**HOW TO COMPLETE THIS TASK**: Write out only the lines from the line containing "Botão Compacto Raso" to the end of the listing below, both included, exactly as they stand. Drop the pictures.

**INFORMATION PROVIDED**:
· · ·
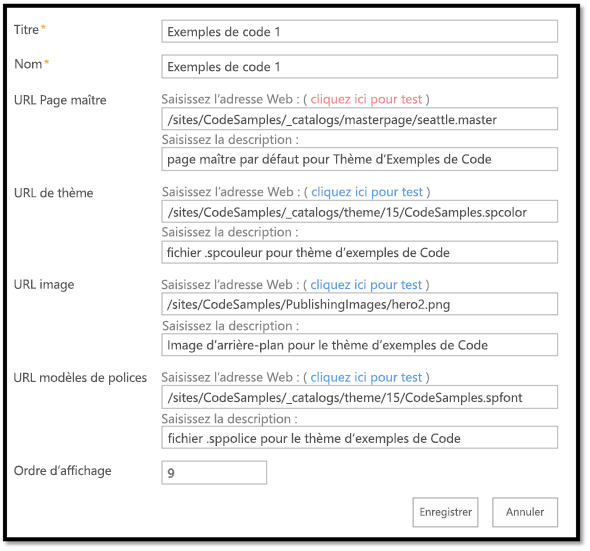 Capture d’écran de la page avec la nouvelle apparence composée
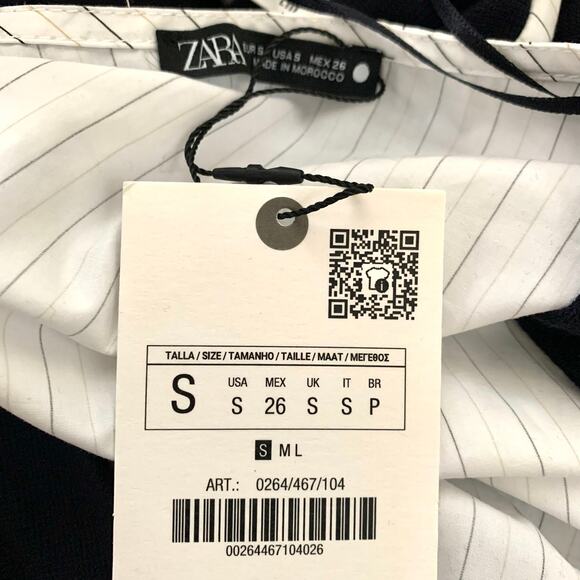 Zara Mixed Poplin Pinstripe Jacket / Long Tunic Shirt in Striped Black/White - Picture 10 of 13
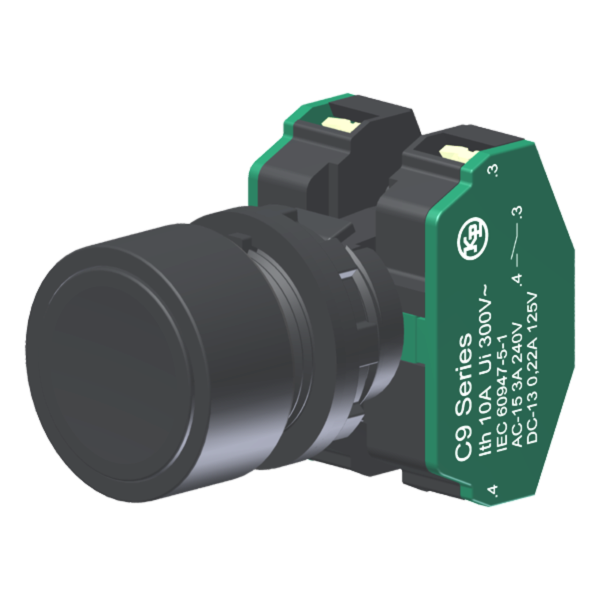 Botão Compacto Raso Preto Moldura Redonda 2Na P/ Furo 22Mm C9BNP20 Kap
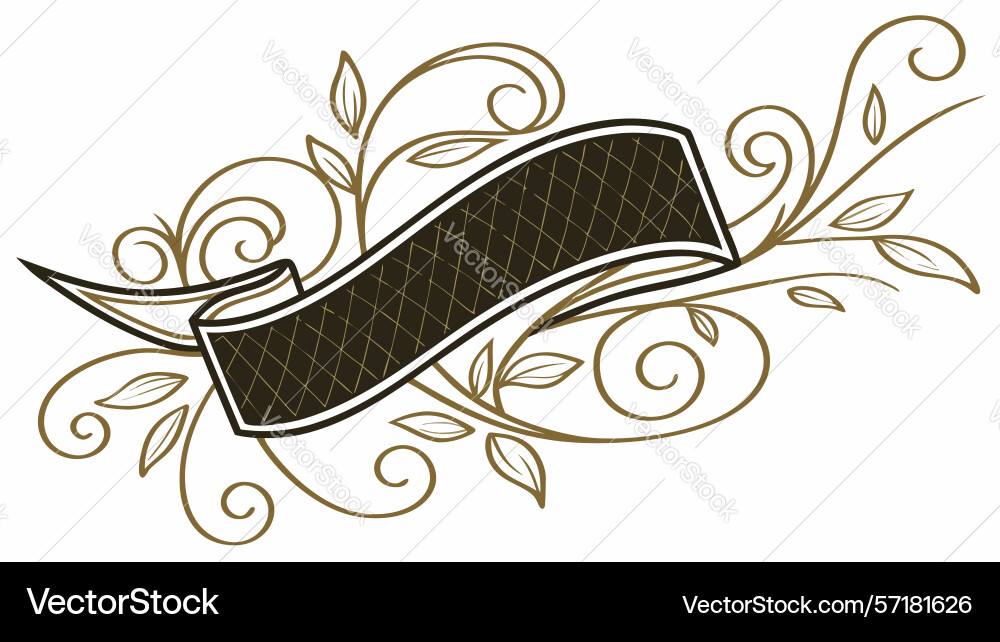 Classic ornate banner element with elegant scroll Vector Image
· · ·
**SOLUTION**:
 Botão Compacto Raso Preto Moldura Redonda 2Na P/ Furo 22Mm C9BNP20 Kap
 Classic ornate banner element with elegant scroll Vector Image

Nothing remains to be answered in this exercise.